5. Les tableaux annexés au décret du 3 du second mois, que nous venons de reproduire, présentent d'assez notables différences, en ce qui concerne la colonne consacrée aux productions naturelles et aux instruments ruraux, avec les tableaux définitifs qui se trouvent dans l'Annuaire ou Calendrier pour la seconde année de la République française, inséré au procès-verbal de la séance de la Convention du 4 frimaire an II, séance dans laquelle tous les décrets rendus sur le calendrier furent fondus en un seul. Nous notons ci-après les changements, au nombre de quarante-sept, opérés à l'occasion de cette refonte, en plaçant entre parenthèses les noms de la rédaction primitive.

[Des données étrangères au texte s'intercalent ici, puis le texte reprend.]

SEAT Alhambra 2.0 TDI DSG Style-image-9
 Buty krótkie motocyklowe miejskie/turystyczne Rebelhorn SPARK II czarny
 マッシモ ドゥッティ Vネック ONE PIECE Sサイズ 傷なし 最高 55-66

Vingt-deux noms furent éliminés et remplacés par ceux d'autres plantes, substances ou animaux ; cinq furent remplacés par d'antres formes du même nom ; vingt furent seulement changés de place.

En voici la liste :

Vendémiaire : 24, Amaryllis (Grenésienne).
Brumaire : 12, Macre (Cornuelle) ; 13, Topinambour (Poireterre) ; 16, Chervis (Chirouis) ; 22, Azerole (Olive).
Primaire : 8, Miel (Epicéa) ; 11, Cire (Thuya) ; 19, Sabine (Bouleau).
Nivôse : 1, Tourbe (Neige) ; 2, Houille (Glace) ; 3, Bitume (Miel) ; 4, Souffre (Cire) ; 6, Lave (Fumier) ; 7, Terre végétale (Pétrole) ; 8, Fumier (Houille) ; 9, Salpêtre (Résine) ; 11, Granit (Poix) ; 12, Argile (Térébenthine) ; 13, Ardoise (Argile) ; 14, Grès (Marne) ; 16, Silex (Plâtre) ; 17, Marne (Pierre à chaux) ; 18, Pierre à chaux (Ardoise) ; 19, Marbre (Sable) ; 21, Pierre à plâtre (Grès) ; 22, Sel (Silex) ; 23, Fer (Mercure) ; 24, Cuivre (Plomb) ; 27, Plomb (Cuivre) ; 28, Zinc (Fer) ; 29, Mercure (Sel).
Pluviôse : 7, Amadouvier (Mnie) ; 14, Avelinier (Coudrier). 
Ventôse : 25, THON (CHEVREAU).
Germinal : 5, PALE (COQ) ; 6, Blette (Bette) ; 10, COUVOIR (GREFFOIR) ; 15, ABEILLE (POULE) ; 30, GREFFOIR (COUVOIR).
Floréal : 5, ROSSIGNOL (ABEILLE). 
Prairial : 15, CAILLE (CANE). 
Messidor : 15, CHAMOIS (JUMART) ; 18, Gesse (Orge). 
Thermidor . 25, LOUTRE (AGNEAU).
Fructidor : 5, SAUMON (BARBEAU) ; 15, TRUITE (GOUJON) ; 30, PANIER (CORBEILLE).
(Note de Guillaume.)

 

 

1. L'original du rapport présente ici deux fautes d'impression, que nous avons corrigées. On y lit . « 4° Que dix pintes formeront un décicade ; 5 Que cent pintes formeront un centicade. » (Note de Guillaume.)

 

 

 

 

1. Compte rendu par l'Académie à la Convention, le 25 novembre 1792. (Note d'Arbogast.)